Are tolls a good deal?
The state likes to say its 35-cent floating-bridge toll in 1970 cost the same as a gallon of gas then, while its $3.50 peak toll in 2012 is similar to gas prices now.
But the tradition everywhere else is not to toll until drivers see a benefit.
British Columbia did not place tolls on the old 1964 Port Mann Bridge to fund the new 2013 bridge. Hampton Roads, Va., charges tolls on old bridges, but mainly to contain toll diversion on new crossings, said Robert Poole, transportation-policy director for the Reason Foundation.
Dick Ford, chairman of the Washington State Transportation Commission, says drivers are saving money through “early tolling” because the state won’t have to pay tens of millions of dollars for “interest on the interest” while the replacement bridge is built.
Bridge tolls in Seattle will be similar in price to those in San Francisco and Vancouver, B.C.
Hallenbeck says the tolls are a good deal for bridge drivers — if they aren’t snared at I-5. Time is valuable, and traffic on 520 has been slow since the 1980s, with few remedies available.

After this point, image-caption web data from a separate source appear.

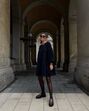 Street Style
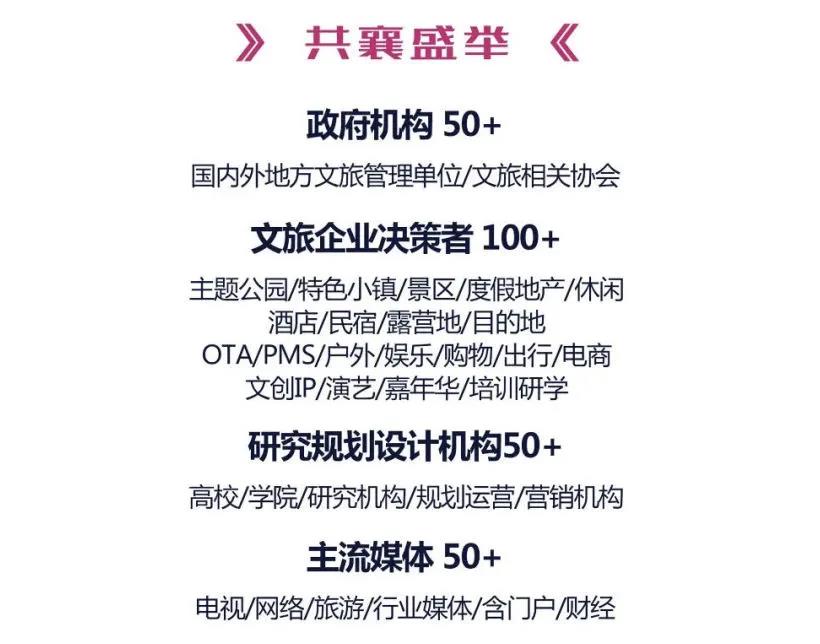 5-微信图片_20210926154443.jpg 5-微信图片_20210926154443.jpg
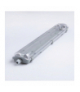 Oprawa hermetyczna do tub LED 2x60cm Ecolight EC79691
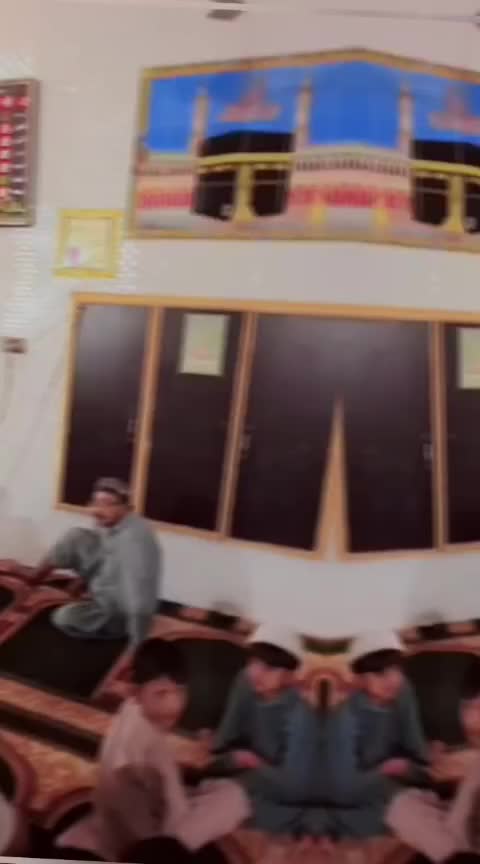 @shehzadahmad8200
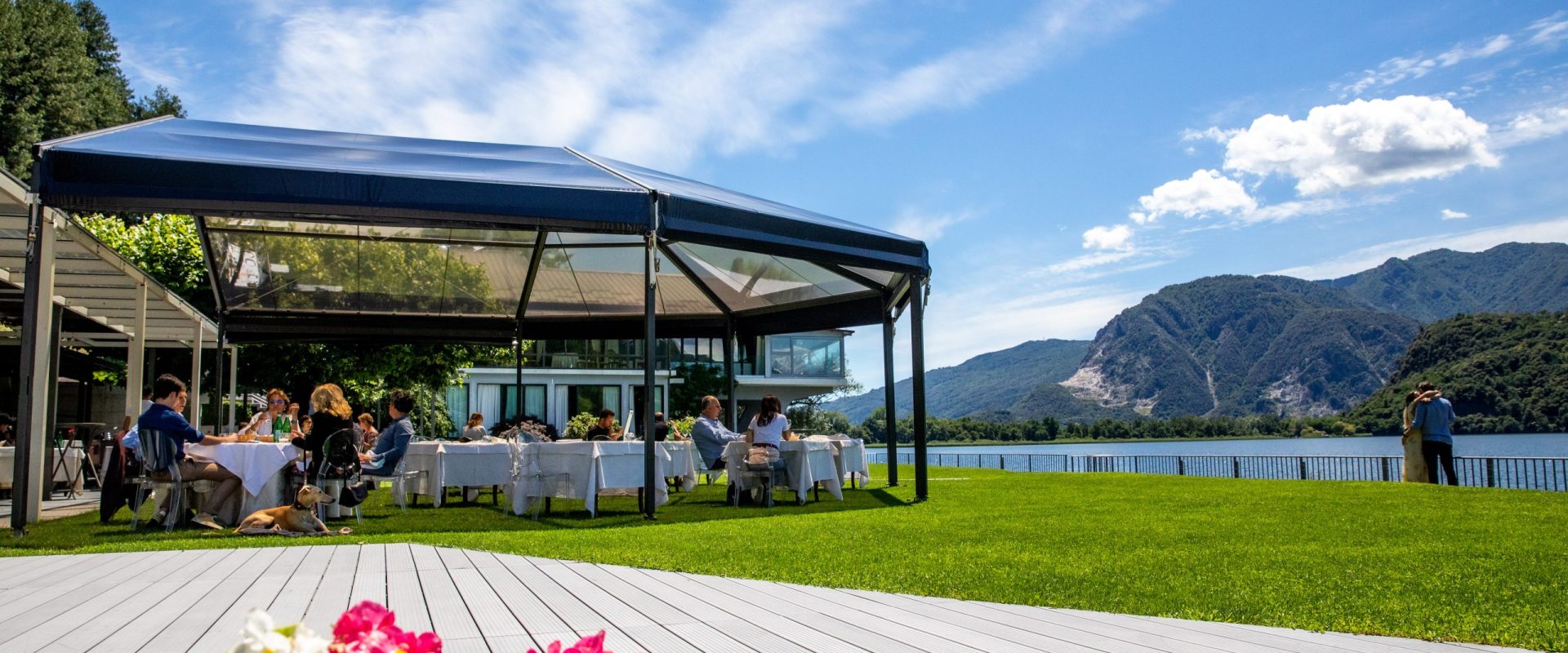 Ristorante_Piccolo_Lago_Giuseppe_Geppo_Di_Mauro_18-20_giugno_2020 (175)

But for those who must go at peak times, the new toll means a $1,600 yearly hit. And it’s not like Highway 167, where someone can opt for free general lanes.
Delivery trucks, carpenters on house calls, taxi drivers, even food banks won’t get a break. Poole says it’s critical to add transit options, which King County Metro is doing with help from federal grants.
Tolls are scheduled to increase 2.5 percent a year until 2016, then by 15 percent in 2017.
Another drawback is the cost to collect a toll, compared to the negligible cost to collect gas taxes. State reports say 21 cents on every toll dollar will go to pay for toll operations and costs such as credit-card fees, based on experience at Tacoma Narrows. An additional 5 percent to 8 percent or more will be uncollected.
Stone hopes to improve efficiency and benefit from the so-called economy of scale as the Highway 99 tunnel is completed in 2016 and other toll routes are added.
Drivers can do their tiny part. Stone says the cost to collect a toll by mail is near $1.50 (hence a $1.50 surcharge), a cash toll at Tacoma costs 80 cents to collect, and Good to Go trips 30 cents. The more transponders, the better the system runs.
“As a resident,” Eden said, “you should get one, to lower the costs.”